* **What you are asked to do**: For the data below, transcribe the part that opens with the line containing "Hello viewers, this" and closes with the line containing "If you'd like", exactly and with no pictures.

* **Exercise material**:

***

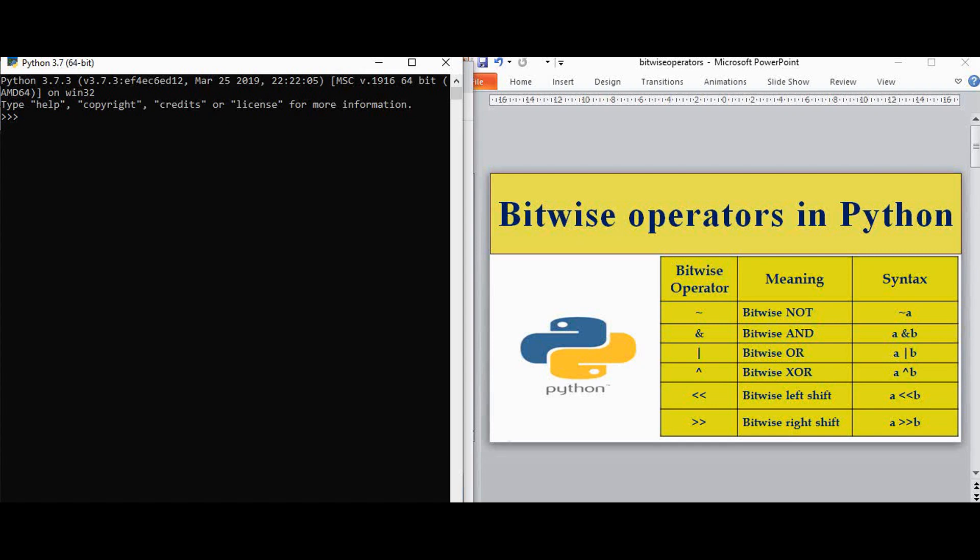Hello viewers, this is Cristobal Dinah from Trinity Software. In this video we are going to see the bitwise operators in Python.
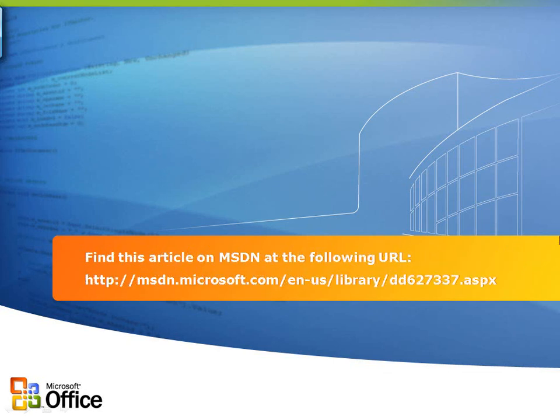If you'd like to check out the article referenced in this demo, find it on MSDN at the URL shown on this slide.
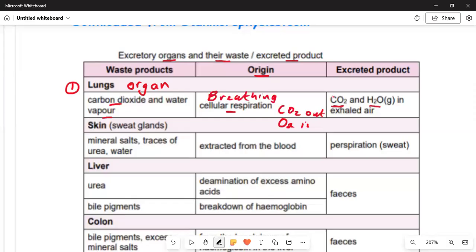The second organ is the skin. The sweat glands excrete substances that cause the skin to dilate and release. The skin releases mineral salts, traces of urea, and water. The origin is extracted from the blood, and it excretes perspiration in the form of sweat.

***

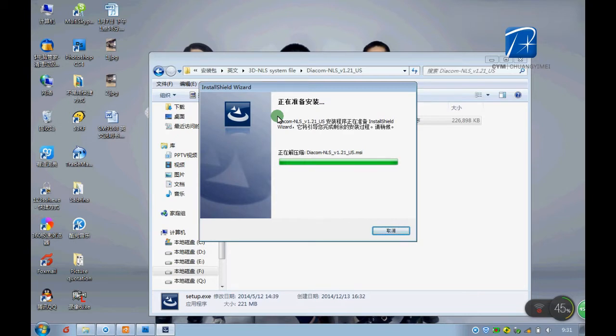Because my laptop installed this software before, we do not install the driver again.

***

* **Solution to the problem**:
Hello viewers, this is Cristobal Dinah from Trinity Software. In this video we are going to see the bitwise operators in Python.
If you'd like to check out the article referenced in this demo, find it on MSDN at the URL shown on this slide.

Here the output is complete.